The Occasional Cavorting and Musings of a Female Staffordshire Bull Terrier

Saturday, September 16, 2006

Egad! I've Been Tagged!

Thanks a BUNCH, Buster.

I’ve been tagged and now it’s MY turn to list five weird things about myself.

I guess I need to post instructions for my victims, so here goes:

The player of this game starts by listing “5 weird things/habits” about him/herself, then tags five friends and lists their names. Those who get “tagged” need to write on their blogs about their “5 weird “things/habits,” as well as state this rule clearly, then “tag” 5 more victims.

Note: Don’t forget to leave your victim a comment that says “you’re tagged!” in their comments and tell them to read your blog.

Uh oh. Before I begin, I have two questions.

1.) What if I tag someone who’s been tagged before? Is that okay?

2.) Is this game limited to dogs only?

I guess I'm operating in a vacuum.
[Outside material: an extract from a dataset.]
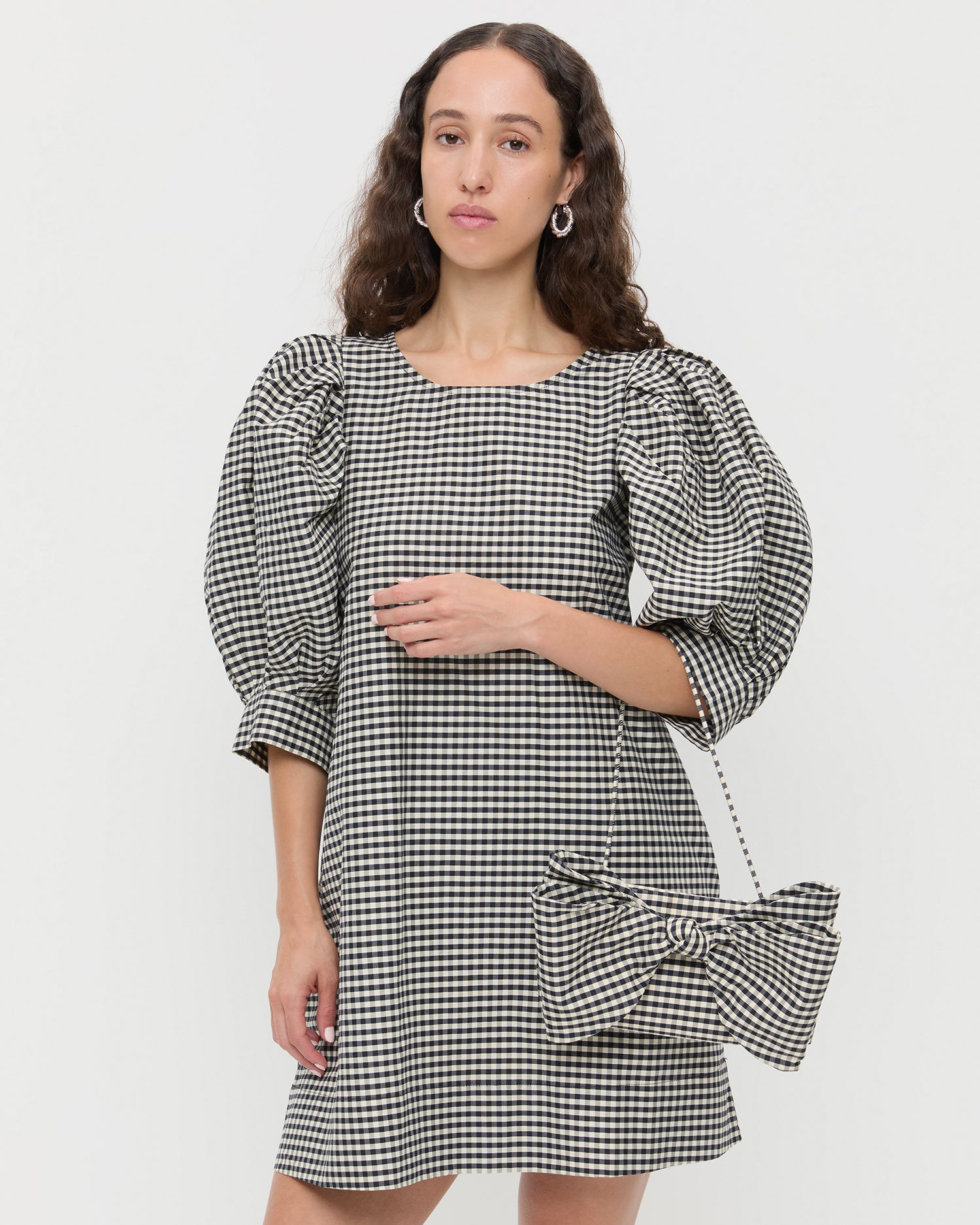 Valerie Black/White Gingham Bow Bag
Since I don’t have access to game footnotes, I choose the following victims:

Let’s see now…WHO will it be, hmm?
I think I’ll go with:

1.) Sid
2.) Simon
3.) Wally
4.) Fufu
5.) Ray and Jay Monkey

And now… drum roll, please!

Hmm… this takes some courage.

Five quirky things about myself by Lulu:

1.) I’m absolutely terrified of the vacuum cleaner. I can’t tell you if it’s the growling sound it makes or its serpentine neck with that sucking mouthpart. Whenever it comes out of its closet, I try to get that coiled neck by the throat and pull. I even will stoop to sneaking a "sucker nip" when its totally unguarded, unplugged and sleeping. My human gets so annoyed with me, but I can’t stop. Maybe it’s a past life connection, I dunno.

2.) I really don’t know if I should reveal this one. Well... what the hay. Okay, so I’m afraid of strangers. I guess I’m just a big wuss. When a strange human comes to the door, I hide downstairs and bark from the basement. When a strange animal comes near the house, I bark at it from INSIDE the house. There’s even this family of deer that frequently pass through the backyard and they scare the bejeesus out of me. Even the baby fawn terrifies me. It’s remarkable how much noise you can make from the basement when you have a good healthy bark.

3.) I know I’m not alone in this, but I like to feast on fresh kitty yummies right out of the oven, especially Miss Kitty's. I usually can pull this off because I wait till no one’s around and my head fits perfectly through the top cover door of the litter box. Thing is, I often forget to wipe the litter off my bottom lip and they’re now beginning to talk.

4.) I’m not a natural blonde. The summer sun and chlorine from the pool tends to bleach my fur. Of course, all one has to do is look beneath where the hairline is darker.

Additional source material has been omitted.